The Raun Tree
The Raun Tree is the brainchild of Dom Coyote and its collaboration between some really outstanding musicians. There’s Dom Coyote himself, BAFTA winning song writer Emily Barker, Nat Butler and Adrian Acolatse (the rhythm section for Mercury Prize Winner Speech Debelle). Plus, a unique set design has been developed by renowned theatre designer Michael Vale. We wanted to know more about The Raun Tree, so we asked Dom a few questions…
The Raun Tree is described as somewhere between a gig and a piece of theatre. Can you tell us how you’ve combined the elements of music, storytelling and theatre and what the audience can expect to see?
I have always played in bands and I have always made theatre. For as long as I can remember. I used to see them as quite separate parts of my life. I spent several brilliant years working with Kneehigh theatre. I sang and performed and played in the band and it shaped the work I make as a lead artist. When I finished a 7 month run of Don Jon in 2009 as singer and storyteller, Battersea Arts Centre invited me to apply for a grant for musician/theatre makers. I applied and was successful. This was the turning point when I realised I could combine the two. I could write stories and turn them into songs, create landscapes through music, and turn a stage full of instruments into strange worlds.
The Raun Tree is fundamentally a gig, but one which tells a story. I am the frontman of the band, but I’m also narrator, using song more than spoken word, but really speaking to the audience so that hopefully they follow the whole tale. The music also tells the story, from the choices we make, the dynamics and melodies, we support the story and create the landscape. The other thing that is vital to the show is the stage set, designed by the brilliant designer/director, Michael Vale. Wooden ladders, lightbulbs and breeze blocks are positioned in such a way that they become a completely new place for musicians to perform. Everything works together to let the audience’s imagination run away with them.
Is the show based on a specific fairytale?
No, the story comes from an early childhood memory of mine. When I was a little boy, I used to climb the tree in my back garden and read until the sun went down. I used to day dream that the tree might swallow me up and inside there would be a strange world waiting for me. The Raun Tree is that fantasy retold and reinvented. But it’s a distorted reflection from me as an adult, looking back at that memory. It is an ode to childhood, a lament for innocence and nostalgia.
Who created the piece? Was this devised between all of the group?

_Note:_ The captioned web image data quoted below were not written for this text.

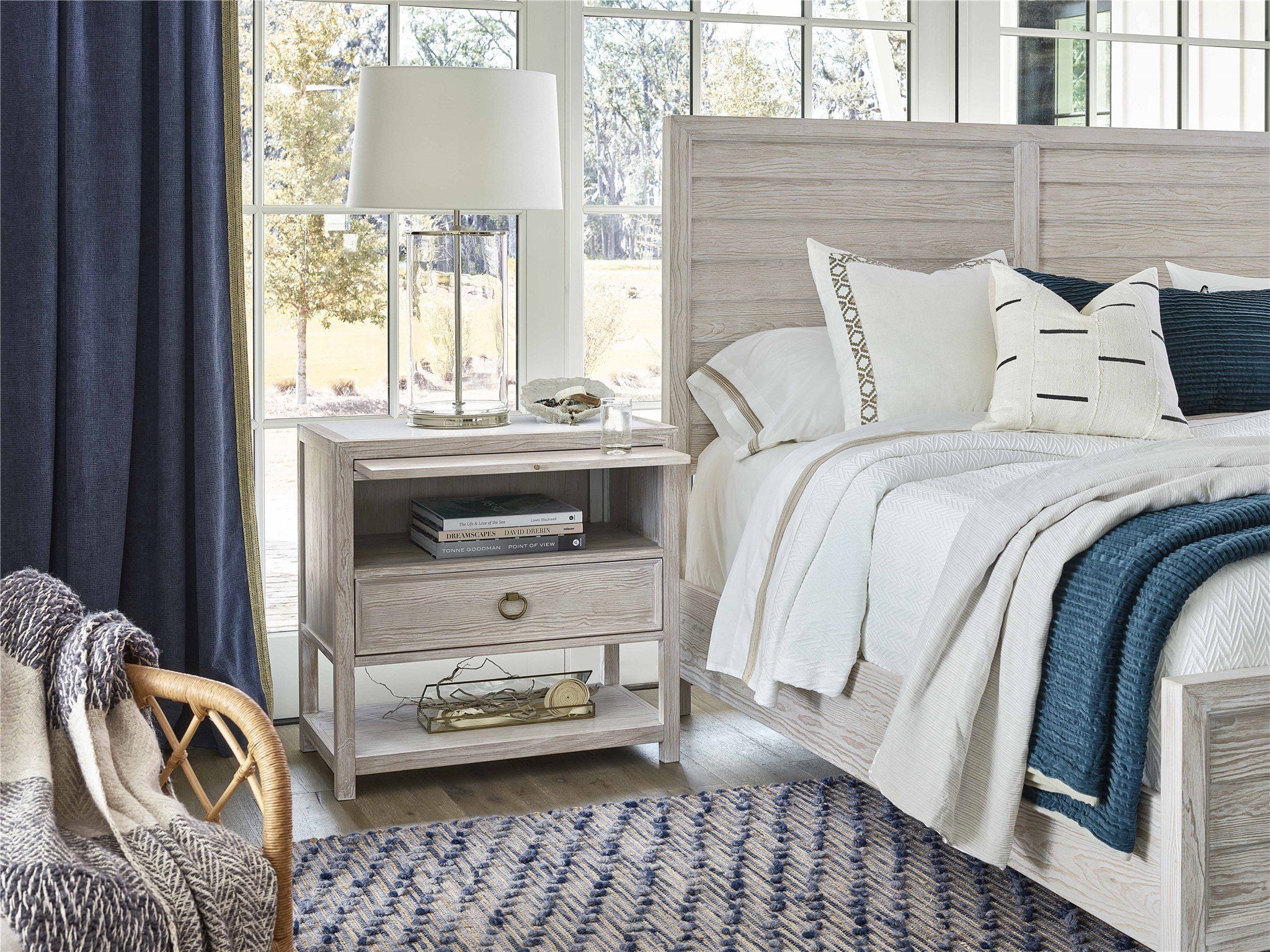 Getaway - Drawer Nightstand - Beige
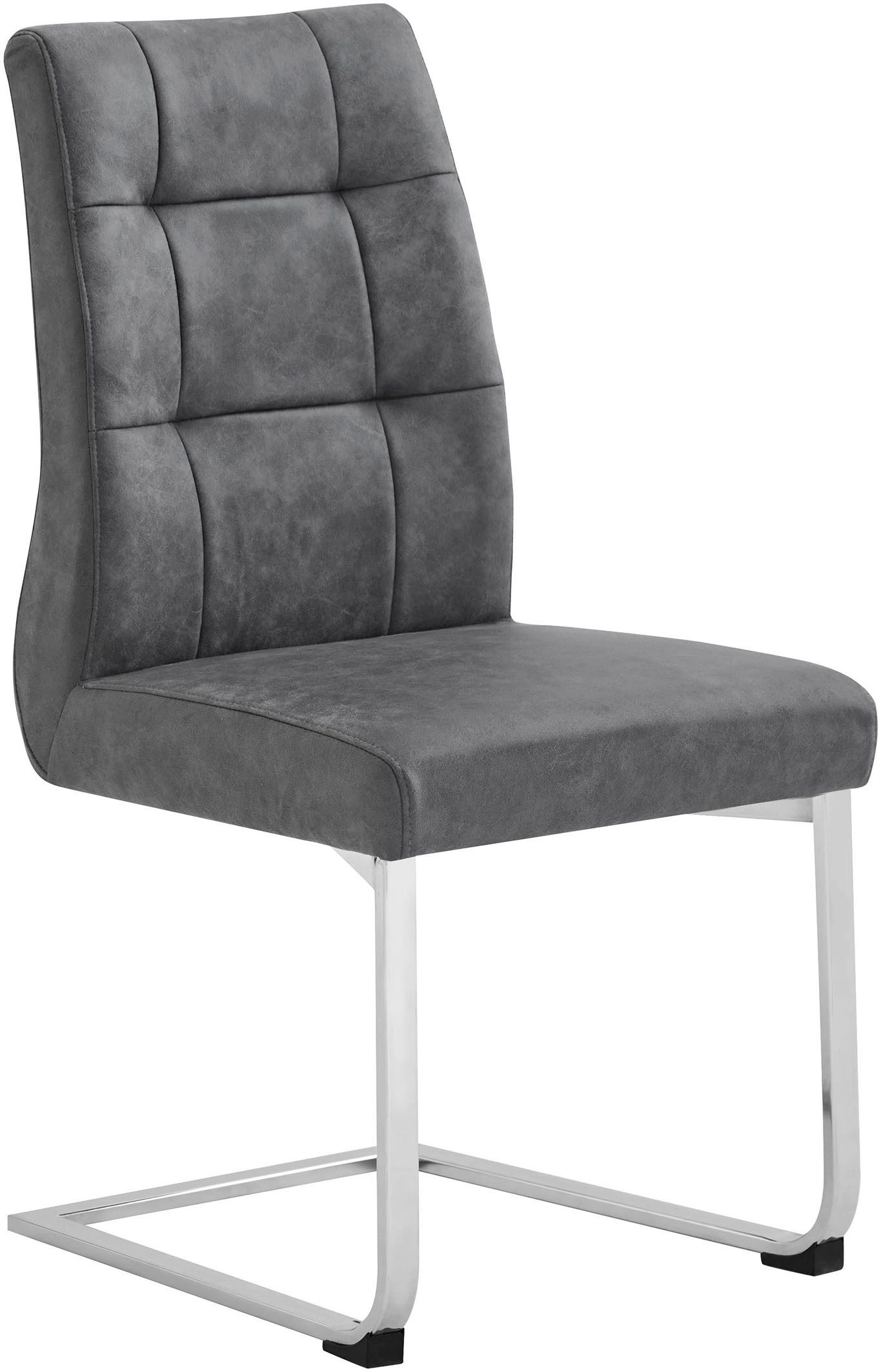 byLIVING Eetkamerstoel Marlen XXL belastbaar tot 150 kg, vintage bekleding, sledestoel (set, 2 stuks)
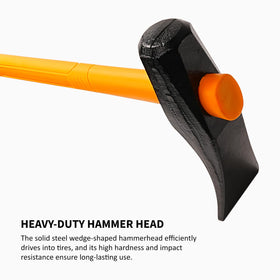 ELECHOI hammer beside ruler for scale to show 35.5-inch reach advantage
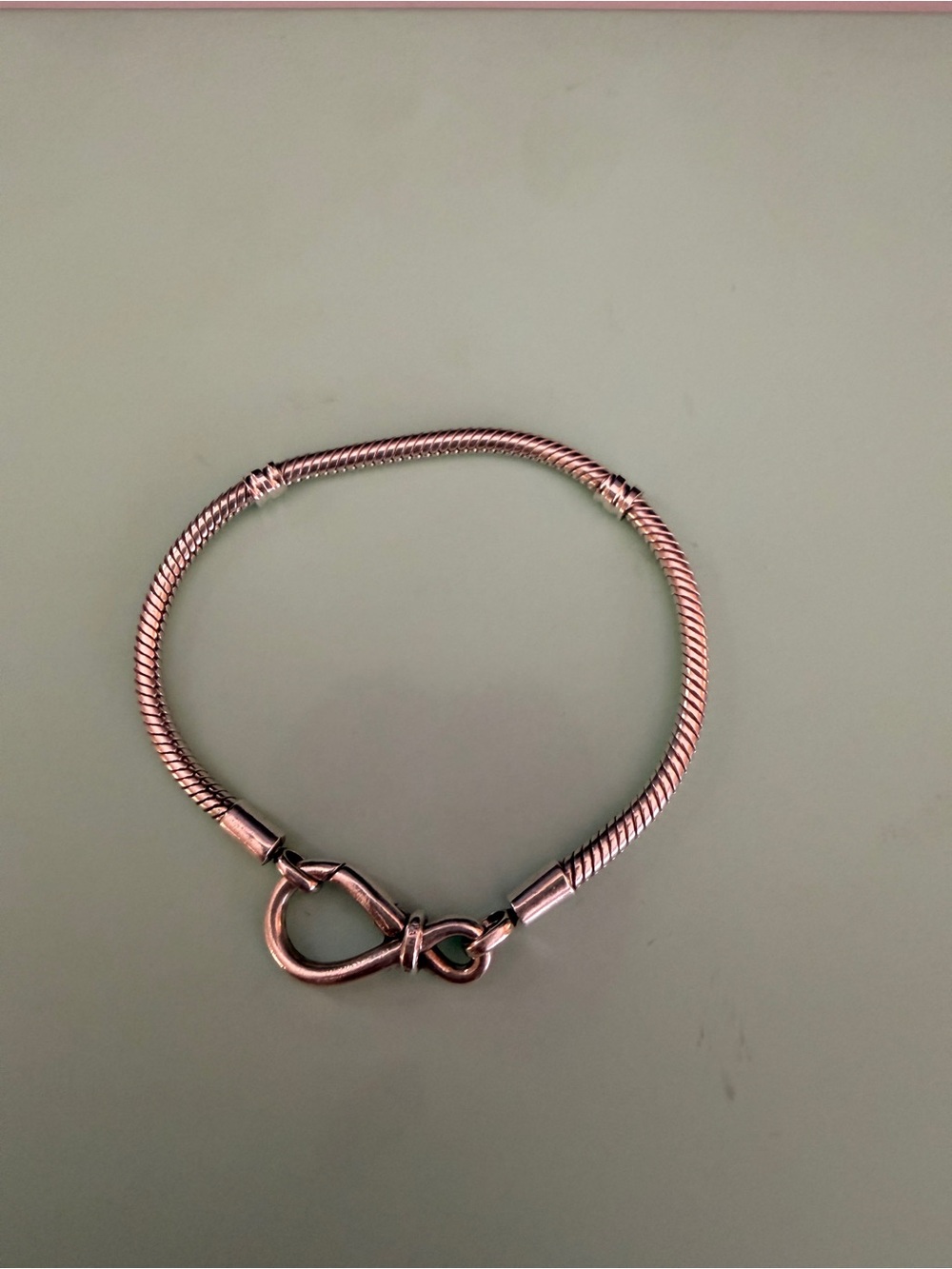 Pandora clasp charm bracelet sterling silver 6.5 inches - RETIRED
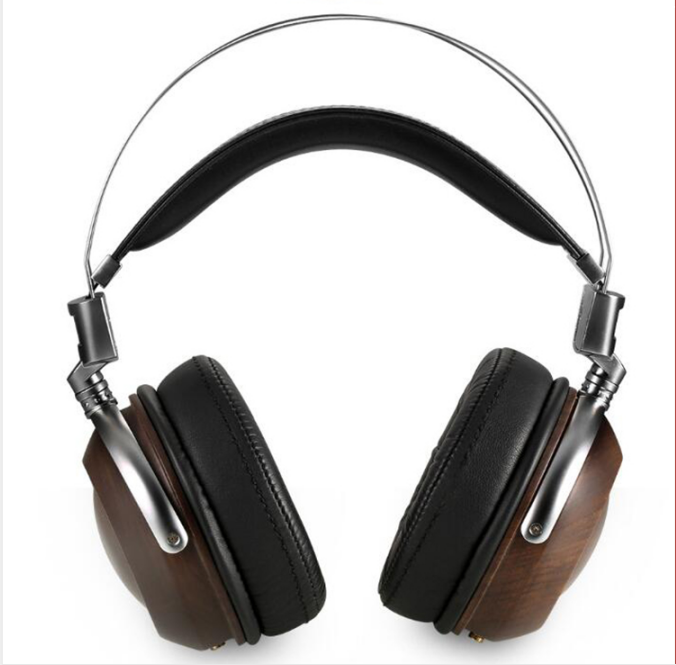 Fone de ouvido de madeira de alta qualidade HEP-6063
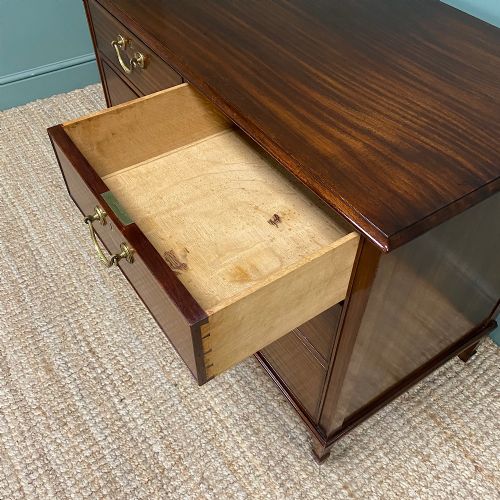 fig 2. Quality Hepplewhite Design Mahogany Antique Chest of Drawers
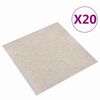 vidaXL Covor 20 pcs Bej deschis 50 x 50 cm 100% polipropilenă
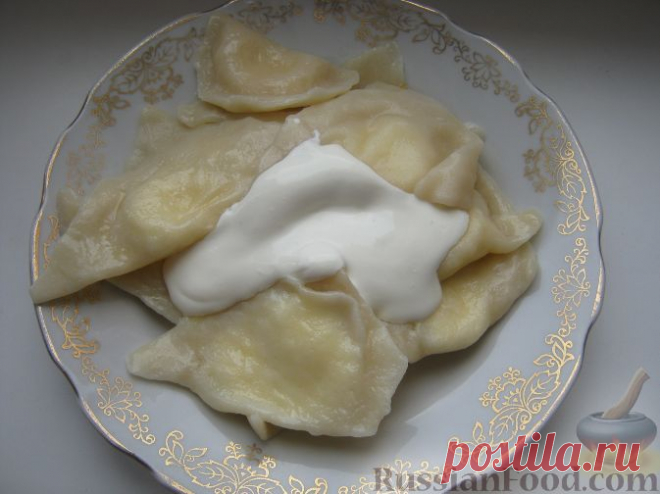 Рецепт: Тесто для вареников (2) на RussianFood.com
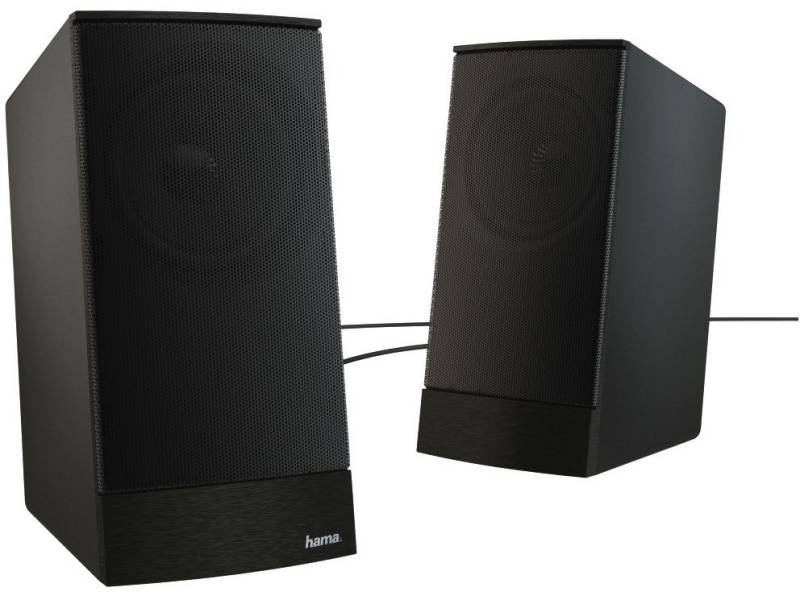 Sonic LS-208 Multimedia-Lautsprecher schwarz von Hama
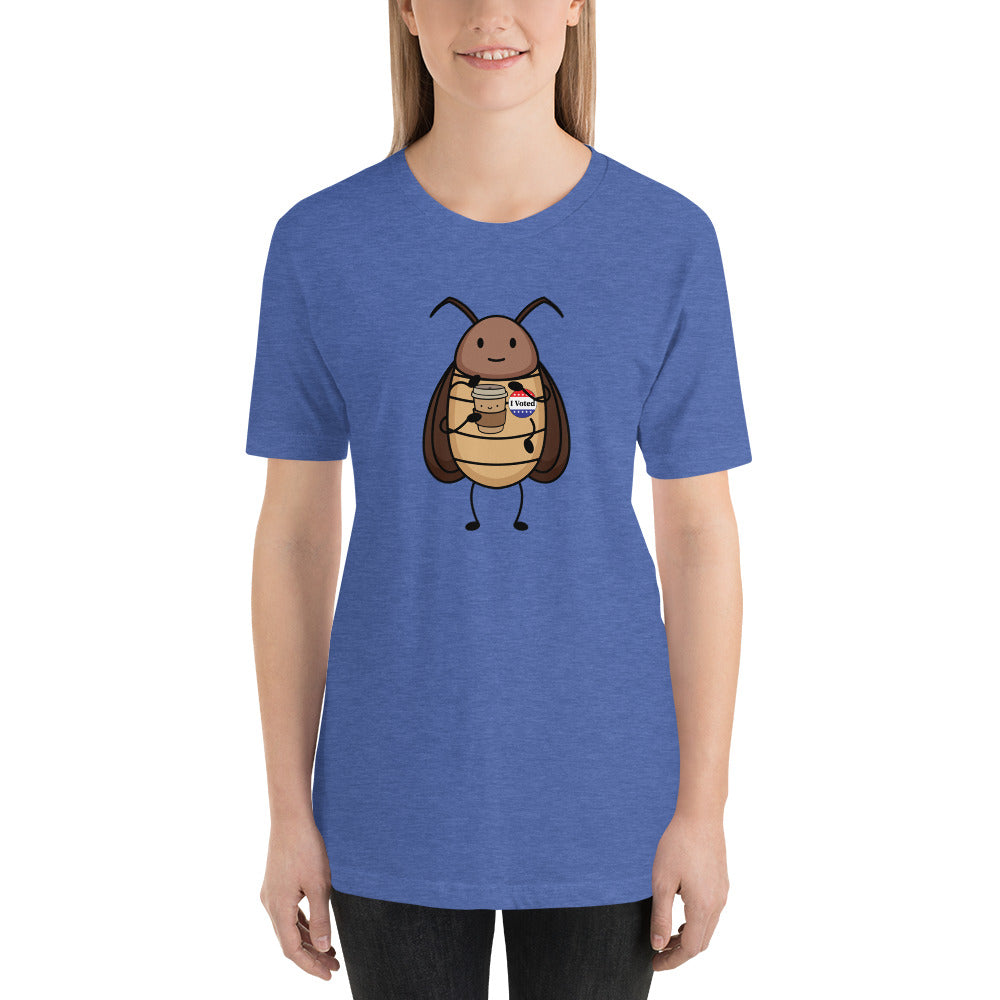 Suburban Cockroach - I Voted V2 Unisex t-shirt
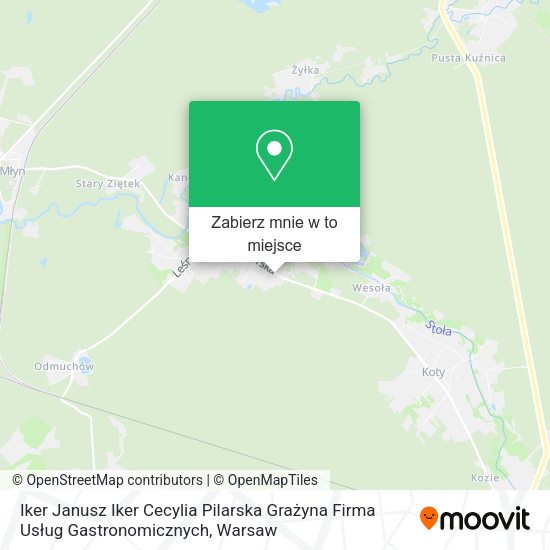 Mapa Iker Janusz Iker Cecylia Pilarska Grażyna Firma Usług Gastronomicznych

The piece was written and devised by myself, designed and directed by Michael and then we arranged all the music as a band. I spent two years making the work, first through some scratches at BAC, where I worked with various actors and musicians, trying different ideas out. I also spent hours on end in the little attic room at BAC that you can only reach through the rafters. I would make huge loops of harmonies with my voice and a loop station and then loop up lots of instruments. Over this I would freestyle lyrics and songs and record all of this. That’s how the story started to emerge, through improvisation and freestyle.
If you could describe in a nutshell why people should see this show, what would you say?
It’s very hard to answer this myself, so I’m going to let Emma Rice of Kneehigh Theatre do that instead!
“Dom Coyote knocks my socks off! With the voice of a fallen, urban angel he takes us to heaven and hell. With an extraordinarily talented team this is a visceral song cycle for a new generation”. Emma Rice Kneehigh Theatre
Who will enjoy the Raun Tree?
Anyone who likes to be told a story, who can let their imagination run wild, and who loves music. It’s a show for adults and young people, old and young.